(Note: this Off the Shelf entry is a little bit extra special. That’s because it’s a part of the Cinematic Katzenjammer’s Not-So-Secret Santa Swap blogathon. For my swap, I have the dubious honor of tearing up the Dolph Lundren/Brandon Lee buddy cop film, Showdown in Little Tokyo, which I can’t describe succinctly here except to say that I hated it in the best way possible. Thanks to maestro Nick Powell for setting this whole thing up.)
This probably outs me as an apostate of 80’s and 90’s schlock, but I’ve never been a Dolph Lundgren fan. Color me a member of the zeitgeist; he really is the poor man’s Arnold in every way, a fraction of what everyone’s favorite movie-icon-turned-politician represents on the big screen. In fact, if I had to name a favorite Lundgren film (beyond, of course, Rocky IV), it would be The Expendables 2, a movie I mostly have no use for save for how beautifully Gunnar Jensen sums up the man’s entire professional acting career in a single scene of character-based incompetence. I’m sure he’s a hoot to hang around with, but his oeuvre doesn’t hold a lot of significance for me.
So it’s with trepidation that I slid Showdown in Little Tokyo into my DVD player for this go-round of Off the Shelf, telling myself all the while that I was doing it for a good reason. Imagine my surprise with how the experience turned out. As with other activities I engage in with great reluctance – say, going to the dentist – the payoff wound up being worth the inconvenience of having a stranger jam sharp instruments into my teeth for seventy plus minutes. Let me make one thing abundantly clear: Showdown in Little Tokyo is not a good film by any acceptable definition of the phrase. But it does encapsulate every single goofy trend in disposable, dime-a-dozen action film from its decade and we get to see one of Brandon Lee’s few screen appearances.
That might not seem like much to brag about, but any Lee is good Lee, even Showdown in Little Tokyo, a movie that tries to capitalize on his boyish good looks and jokey charisma more than on his actual physicality. Lee mostly gets relegated to the sidelines as Lundgren beats up legions of Yakuza without putting down his teacup, and before this review goes any further, yes, this is a film about cops and Japanese mob members. Lundgren and Lee play two macho mismatched detectives paired together as some sort of cosmic joke and charged with bringing down criminal activity in Little Tokyo. (As Lee quips, it’s reverse racism, a punchline made funnier by the fact that he’s totally right. At least the film gives the totally awesome Cary-Hiroyuki Tagawa, here in full Evil Guy mode, the proper respect.)

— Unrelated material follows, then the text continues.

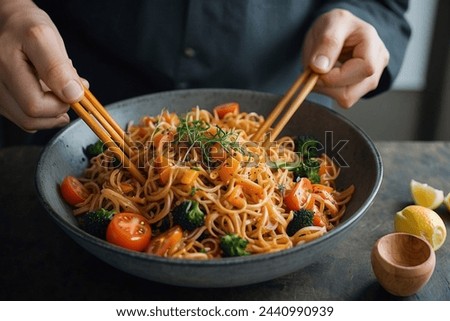4k picture noodles beautiful picture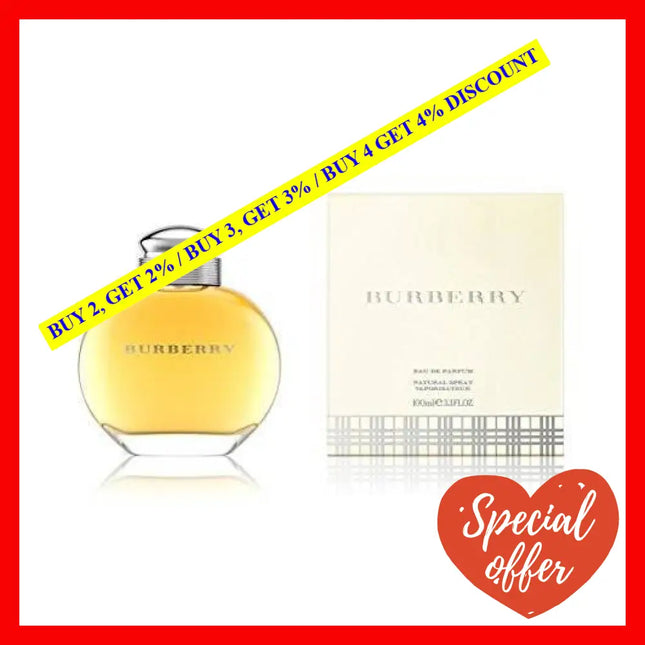 Burberry By For Women - 1 Oz Edp Spray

Naturally, they don’t gel at first, but before long their Buddy Bond forms and Lee is complimenting Lundgren for having the biggest penis he’s ever seen and breaking his police officer code of conduct by immolating the villain’s number one henchman in a vat of beer. Yes, it’s that kind of movie. On their quest toward Ultimate Friendship (and justice!), they mow through the seedy underworld of Yakuza operations, which include decapitating drug addicts after giving them lethal doses of methamphetamines (because the Yakuza are evil!), raping Tie Carrere (because the Yakuza are evil!), and amputating the limbs of stubborn members of rival gangs (because the Yakuza are evil!). There are no lengths Showdown in Little Tokyo doesn’t go to in order to establish how bad these bad guys are. They’re bad.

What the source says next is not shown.